100位以内のタイトルが、20%あまりの所に存在し、それ以外の数万という膨大な数のゲームアプリが、残りのわずかな市場のなかでひしめき合っている。iOSの市場は、08年にApp Storeが登場して以来、年率100%以上の成長を続けている。0.99ドルという価格であっても、常連タイトルに入る事ができた、ごく一部のタイトルは大きな収益を出せるかもしれないが、そのチャンスを獲得できる企業は限られる。
■アイテム課金モデルへとシフトが進んだスマートフォンのアプリ
無料版のゲームは、有料版に比べ、10倍以上ダウンロードされるというのはApp Storeの常識で、かなりの数のユーザーが無料でゲームを楽しんでいることは間違いない。
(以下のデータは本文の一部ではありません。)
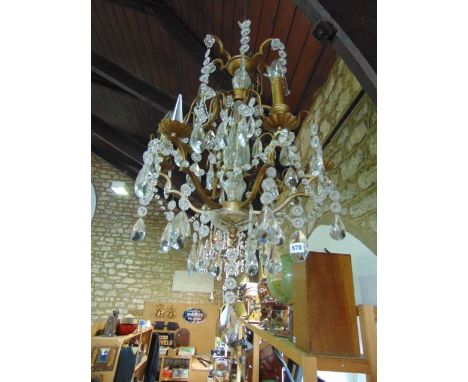 A decorative contemporary six branch electrolier with hanging clear cut droplets, with gilt effect framework and further fini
アップルは、「iPhone4」だけで1億5000万台、「iPhone4S」で1億台の販売に成功しているとみられている(※2)。これにはiPod Touchは含まれていない。さらに、アンドロイド端末も2011年11月には2億台を突破したとグーグルが発表している。(※3)
そのため、販売台数は、携帯ゲーム端末のニンテンドーDSの1億6000万台を大きく上回っている。もちろん、これらの所有ユーザーのすべてが、ゲームを遊んでいるわけではない。
しかし、ゲームの使用経験は、モバイルアプリの中での利用率はトップだ。過去30日に、使ったアプリのうち、ゲームはトップで64%、天気予報の60%、ソーシャルネットワークの56%さえ上回る。(※3)。スマートフォンは多様に利用可能なアプリのうち、ゲームが重要な存在となっている。ゲームアプリは、全体のアプリ分野の中で、最も開発されている分野でもあり、種類も豊富だ。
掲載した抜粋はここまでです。